Já o advogado Felipe Kneipp Salomon, do Levy & Salomão Advogados, teme que a observância aos princípios passe a ser uma condicionante aos novos acordos. “Dada a subjetividade da norma, há uma preocupação de que a adoção de políticas ASG passe a ser uma condicionante de novas transações. O que é ruim, pois cria-se custo (burocrático e financeiro) que consumirá recursos que poderiam estar sendo melhor aplicados em outras soluções ASG, mais complexas que demandem maior tempo de maturação”, opina.
Transparência e divergências entre PGFN e Receita
Além da mudança relacionada ao ESG, a Portaria PGFN 1241/23 prevê a possibilidade de recurso contra pedidos de revisão da capacidade de pagamento do contribuinte. A norma ainda define que seja dada transparência à forma de cálculo da capacidade de pagamento.
As mudanças são vistas por especialistas como favoráveis ao contribuinte.

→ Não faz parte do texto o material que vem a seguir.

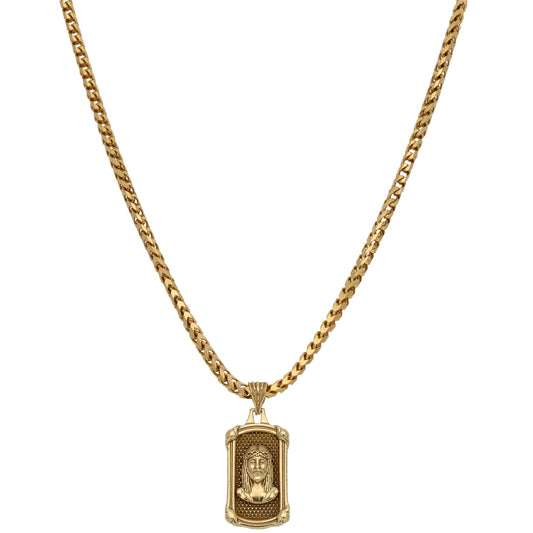 9ct Gold Jesus Pendant With Chain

A capacidade de pagamento é utilizada para a concessão de descontos às empresas: quanto pior a situação, melhores são as condições de pagamento. Muitos contribuintes, entretanto, passaram a questionar, até mesmo judicialmente, a avaliação da PGFN, e apontar que os critérios para a aferição não eram claros.
A portaria também expõe divergências entre PGFN e Receita Federal quando o assunto é transação tributária. Com base em um parecer da AGU que reconheceu como obrigatória a participação prévia da PGFN nas transações, a procuradoria deixa claro que o critério que até então definia como irrecuperáveis os débitos com mais de dez anos em contencioso administrativo fiscal poderá ser flexibilizado daqui para frente.
A regra dos dez anos consta na Portaria 247/ 22, da Receita. Na prática, por serem consideradas irrecuperáveis, essas dívidas poderiam ter condições melhores de negociação. De acordo com a portaria 1241/23, os atos firmados de acordo com esta regra até 16 de outubro ficam convalidados. Daqui para frente, segundo um procurador ouvido pelo JOTA, o assunto será analisado caso a caso.